BRIEF » Starting with the opening line of the entries below, transcribe each line exactly up to and including the one that has "Used 2020 Honda HR-V Touring image 27"; pictures are not copied.

ENTRIES PROVIDED Block Start

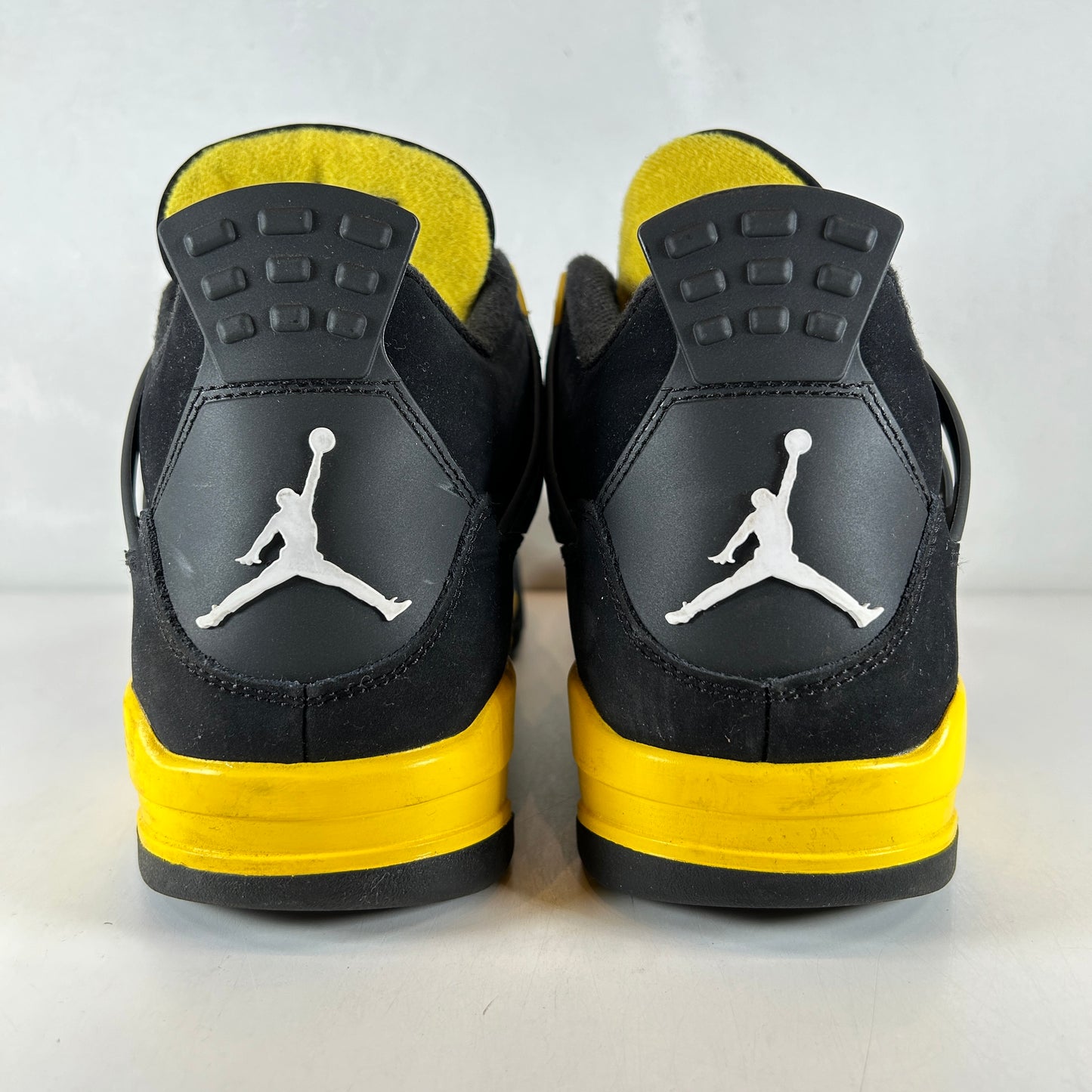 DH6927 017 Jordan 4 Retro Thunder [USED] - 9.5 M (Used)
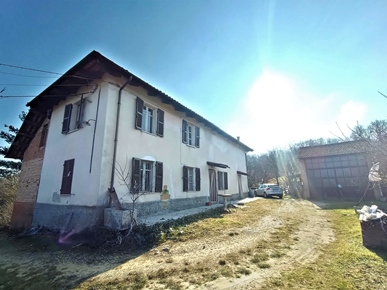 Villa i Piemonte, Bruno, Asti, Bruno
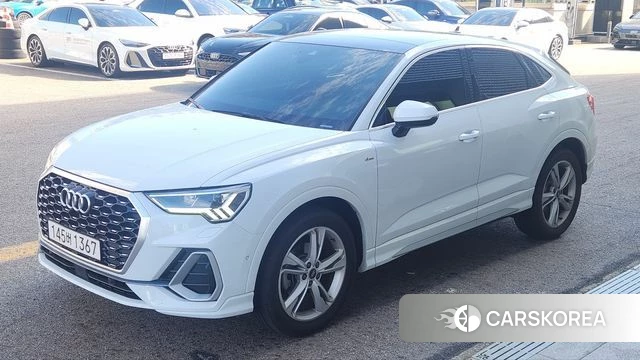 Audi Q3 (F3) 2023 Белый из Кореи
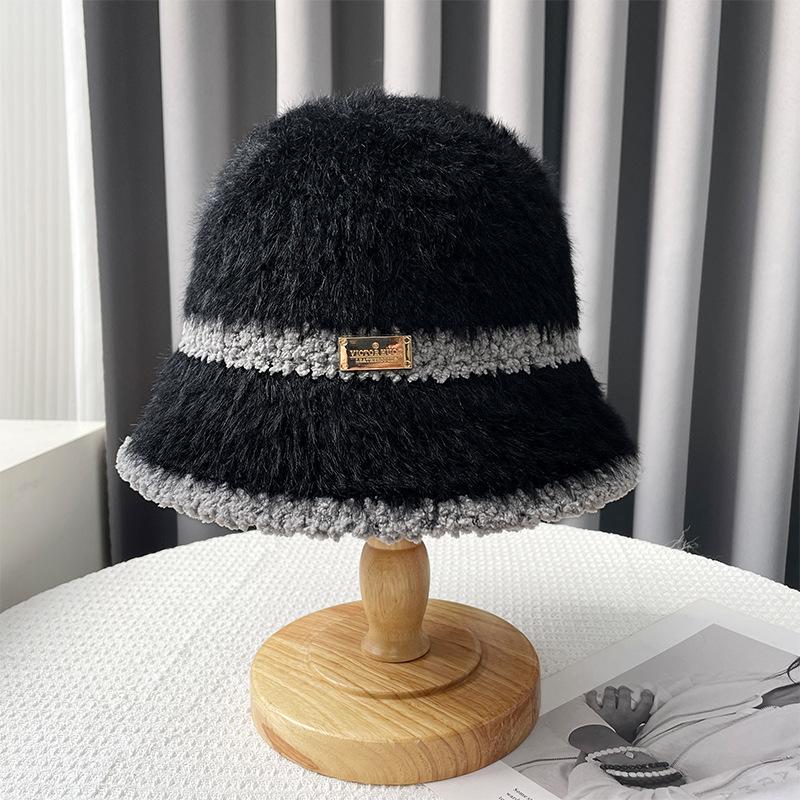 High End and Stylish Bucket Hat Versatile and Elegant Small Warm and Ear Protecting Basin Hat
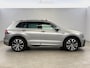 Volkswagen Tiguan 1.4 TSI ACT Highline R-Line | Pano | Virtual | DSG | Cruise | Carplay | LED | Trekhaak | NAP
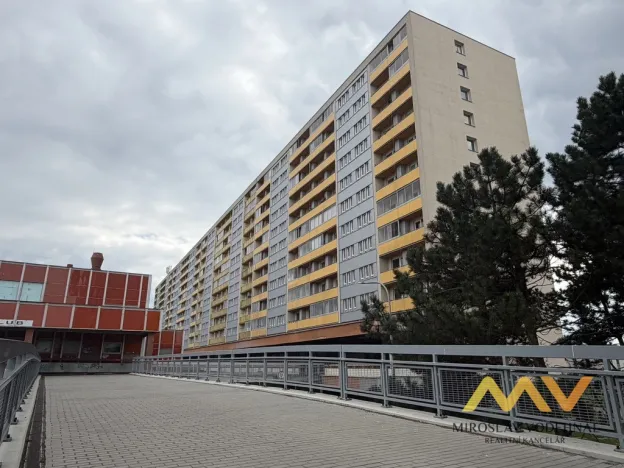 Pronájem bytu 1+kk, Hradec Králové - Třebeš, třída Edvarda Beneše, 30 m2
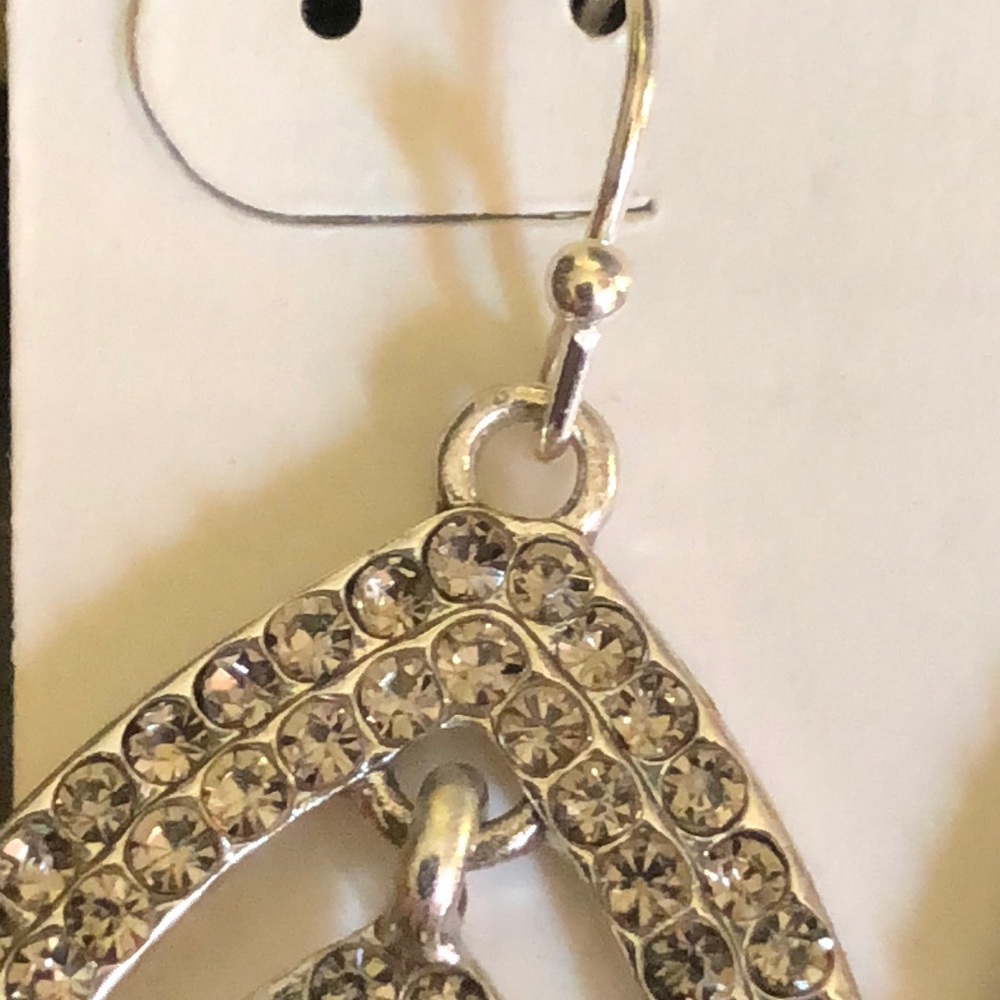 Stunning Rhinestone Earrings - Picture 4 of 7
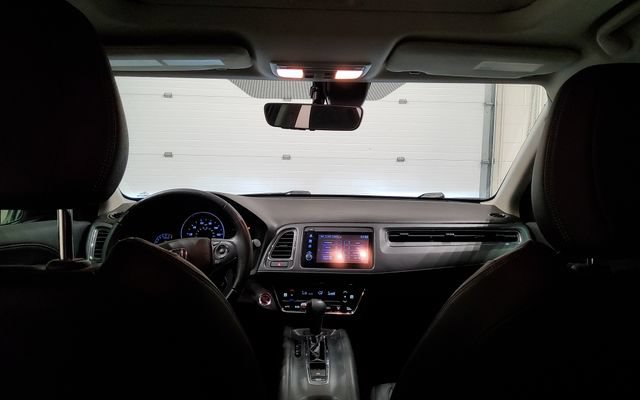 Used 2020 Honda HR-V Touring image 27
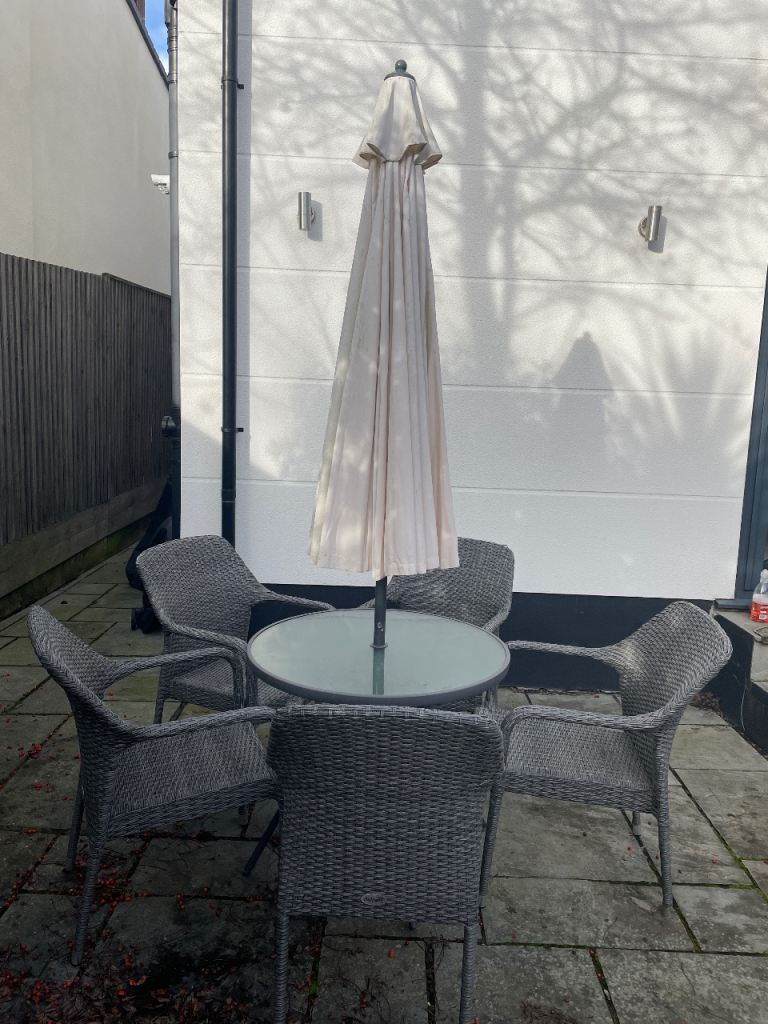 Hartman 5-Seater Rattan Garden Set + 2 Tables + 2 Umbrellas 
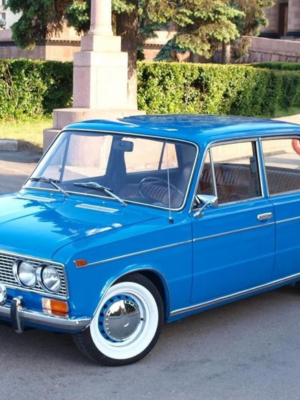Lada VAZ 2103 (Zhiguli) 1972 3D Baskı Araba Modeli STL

ENTRIES PROVIDED Block End

RESPONSE TO THIS TASK »
 DH6927 017 Jordan 4 Retro Thunder [USED] - 9.5 M (Used)
 Villa i Piemonte, Bruno, Asti, Bruno
 Audi Q3 (F3) 2023 Белый из Кореи
 High End and Stylish Bucket Hat Versatile and Elegant Small Warm and Ear Protecting Basin Hat
 Volkswagen Tiguan 1.4 TSI ACT Highline R-Line | Pano | Virtual | DSG | Cruise | Carplay | LED | Trekhaak | NAP
 Pronájem bytu 1+kk, Hradec Králové - Třebeš, třída Edvarda Beneše, 30 m2
 Stunning Rhinestone Earrings - Picture 4 of 7
 Used 2020 Honda HR-V Touring image 27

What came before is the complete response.